Where have you been, old sausagefoot? Aeons have whirled their course since that card from Tanglewood. Not a word. I suppose by this late date you have a devoted slave in the Kouss. I thought as much. Indirect word of you from Austin, who described you as “forging ahead” and deciding with some acumen, I think, that he (A.) and Kenneth needed a kick in the pants. Back at Curtis? What? All the days crammed to the brim that I must know about. Successes. Quiff. Friends. Plans. Already written, in the writing, to be written. Prospects. Aaron. On and on, and I want to hear about it all. So to it, Rosinante, to the road again; get thee pants and write me a letter that will consume at least a morning of MGM's time in the reading. Trust me to kill the afternoon.
I won't even mention the draft. It's just too goddamn funny to even talk about. One thing: what are you going to do? Me, I can't wait until the army makes a man of me. Can't decide between the air force and fighting my war toying with some secretary's breasts. Simply
can't
decide. We live in parlous times, halvah, old boy, very. Dies irae, dies illa, solvet saeclum in favilla. But yes.

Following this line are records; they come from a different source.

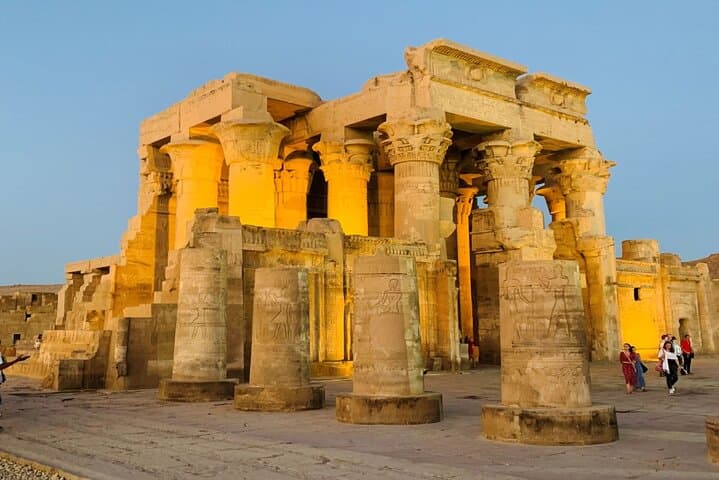 Edfu and Kom Ombo Temples Private Day Tour from Luxor — Complete Visitor Guide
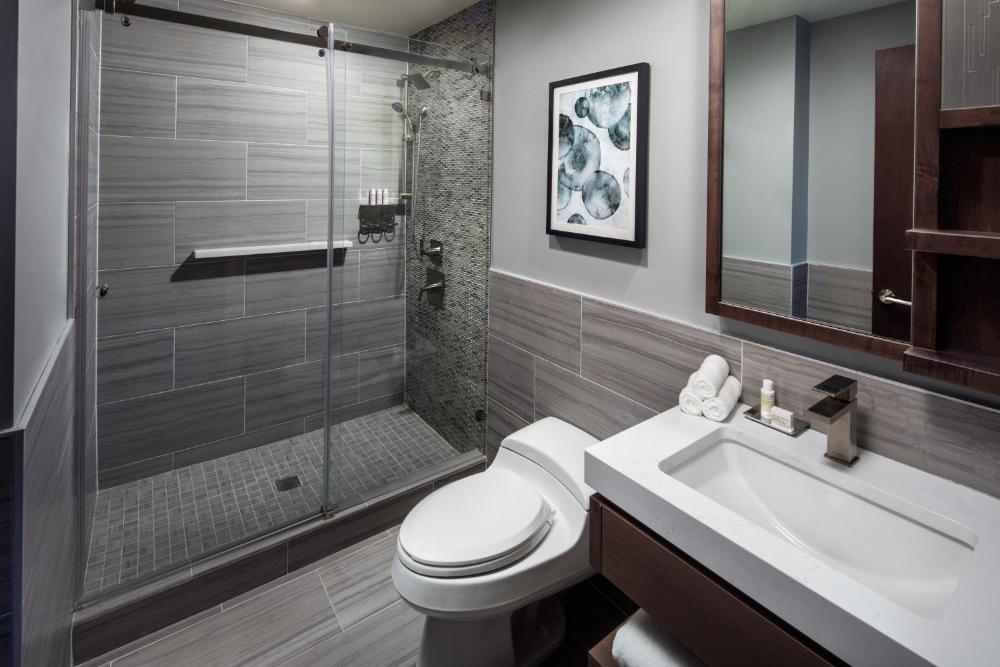 King Room with Hearing Accessible Roll In Shower - Non-Smoking at Hotel Indigo Flushing - LaGuardia, photo 3
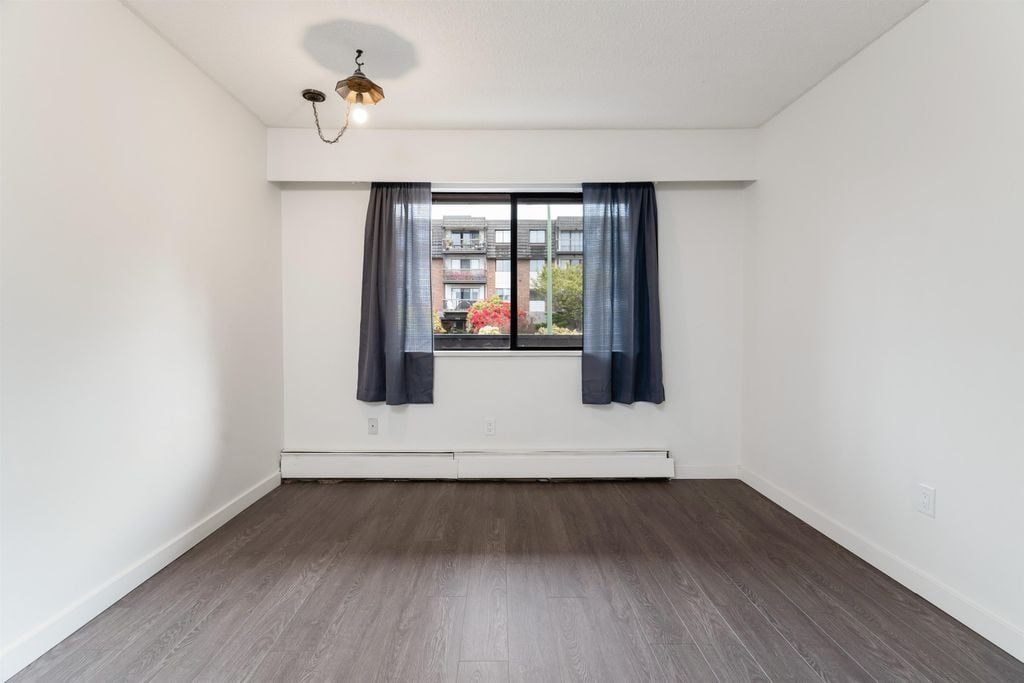 341 W 3rd St, #203
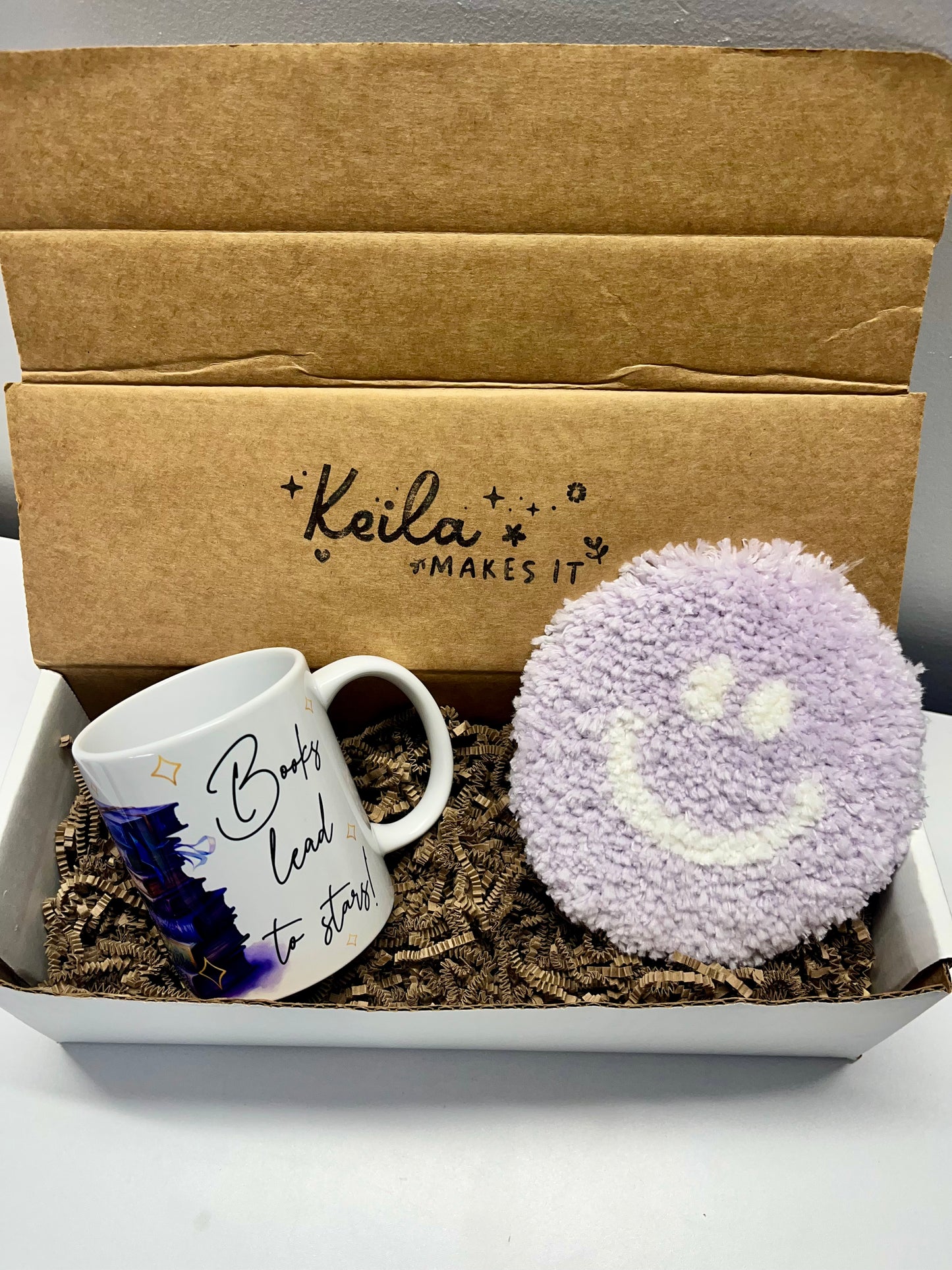 Combo Books lead to stars mug 11 oz and purple smile mug rug coaster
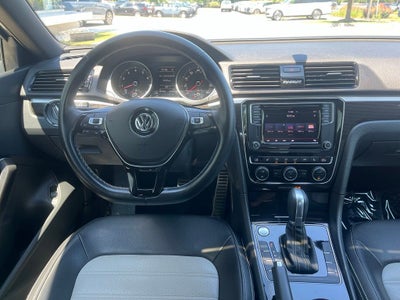 2018 Volkswagen Passat 3.6L V6 GT | Moonroof | Heated Seats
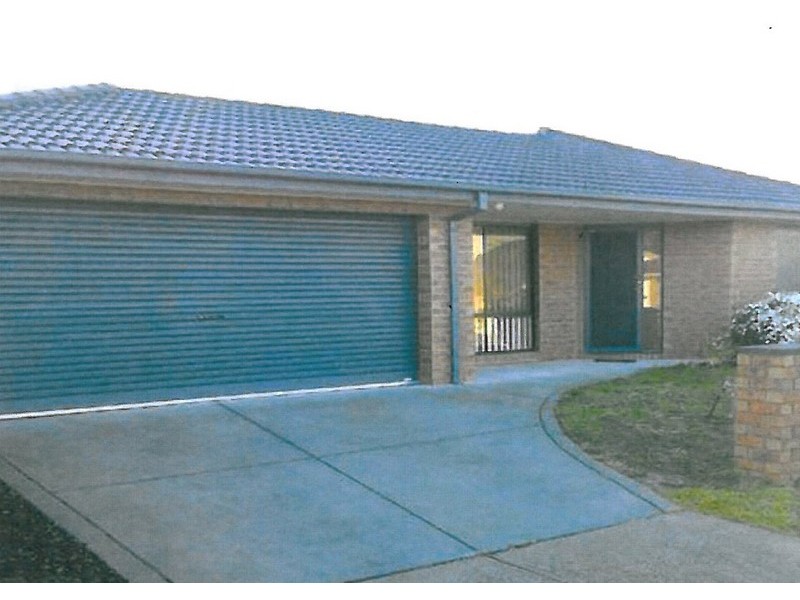 20 Manchester Drive, Skye VIC 3977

Hattie arrives in some two weeks to take over not only my care and feeding but also the not inconsiderable job of delivering me from the financial toils. I make enough money for three men, and am a pauper, yea, I sit among the ashes and for garments sackcloth. I'm tooting madly about looking at houses. To date, nothing I like.
Must
find something within the week.
Of my tenuous existence, trivia. The Eisner soul grows small and curls inward like the anemone to confess that he has ghosted two (I must be very
tired or something) jobs for a quickie studio, for the gain of silver.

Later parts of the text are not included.